Neither of us grew up near mountains, but both of us found them before we turned 30. Whatever desire for hills and green landscapes our ancestors carried manifested in us both, so that we ended up living less than an hour and a half apart — strangers, linked by blood.
But the cryobank and the law says we have no enforceable connection. According to those systems, he is not my father, and I have no claim to where I come from. And yet, when we met, it was clear that our ancestors called me. Like the plot of the movie Coco, they found me, guided me, and let me see the lineage I belong to. No industry or so-called country had the authority to stop them from showing me.
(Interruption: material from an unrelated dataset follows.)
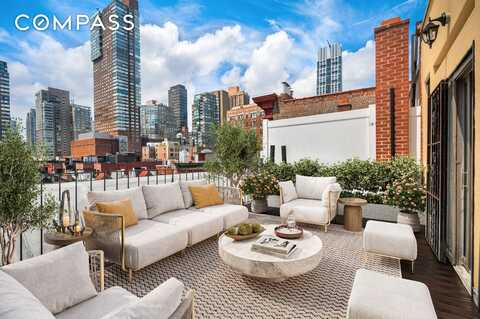 61 West 70th Street, New York, NY 10023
When I was young I felt like I belonged to no one. Sometimes I still feel that way, even now. Growing up in America can do a number on you, in terms of what you believe the impact of race can be on your soul. It’s interesting, isn’t it? The idea that race, a human construct based on skin color, can influence your soul — the characteristic of ourselves that is completely separate from, yet connected to, everyone and everything in the universe. Of course, race has nothing to do with the infinite nature of who we really are, but when you grow up in a race-based culture, it can take a lot of unlearning to find out who you are separate from the labels. Same for gender, or class, or even political affiliation.
Race is the hardest for my spirit to shake. I grew up with my Black southern family, learning about and connected to my Black southern ancestors. Even though I felt their presence within resonating musical chords, or in brief moments when I allowed energy to flow freely in my body, I still felt disconnected because of the difference in my skin. That’s the pesky thing about the construct of race — it constantly has you looking for a box to fit in.
Having lighter skin than the rest of my family was confusing, especially since I wasn’t told that my father was a white sperm donor until I was 16. Unintentional gaslighting of that sort does a number on knowing and intuition, so in that way, I’ve been fighting back doubt since the day that truth was revealed — a truth my soul already knew.
At first I felt guilt about the relief that came with the confirmation that I am half “white.” I felt that I was somehow betraying my Black family and ancestors by being excited to finally know something about myself that I suspected for a long time. I still carry some of the guilt, I guess it’s a form of white guilt — that my body may be allowed into spaces where darker bodies aren’t, or that I have somehow benefited from the whiteness that’s a part of me through strictly transactional means.
Fortunately, the majority of the guilt dissipated when I learned about Marie. When I learned about her son, my grandfather, the steady warrior for justice in his white working-class midwestern town. A man willing to fight racist neighbors to stand up for desegregation, who taught his kids, my father, to do the same. More guilt faded with the relief that my father’s lineage does not carry the heaviness of slave ownership — that I only have to contend with that from my maternal line, where one or more of my enslaved female ancestors was forced upon by someone “white.”
Mostly, I felt my strange version of white guilt morph into pride because my people were the dancers, the anti-racists before it was cool, poor immigrants who risked making a life in a new country. The best part is, I felt them dance. I felt both of my lineages dance together, like they’d conspired in my favor this whole time, and they can finally dance in celebration because I now dance with them too.
The truth is, I belong to no one but myself. I come from strong lines, I come from hard truths, but at the end of the day, my spirit is new — uniquely my own, and my primary responsibility is to cultivate my soul. That’s how I have the strength to believe I had the right to seek out a man who made me anonymously. It’s how I can say that the stance of the California Cryobank, also shared by the American legal system — that I have no right to know about the paternal part of my lineage, is unequivocally illegitimate. It’s how I give myself permission to listen to the ancestors who pull me toward them. It’s how I learned that all this time, Marie was dancing with me.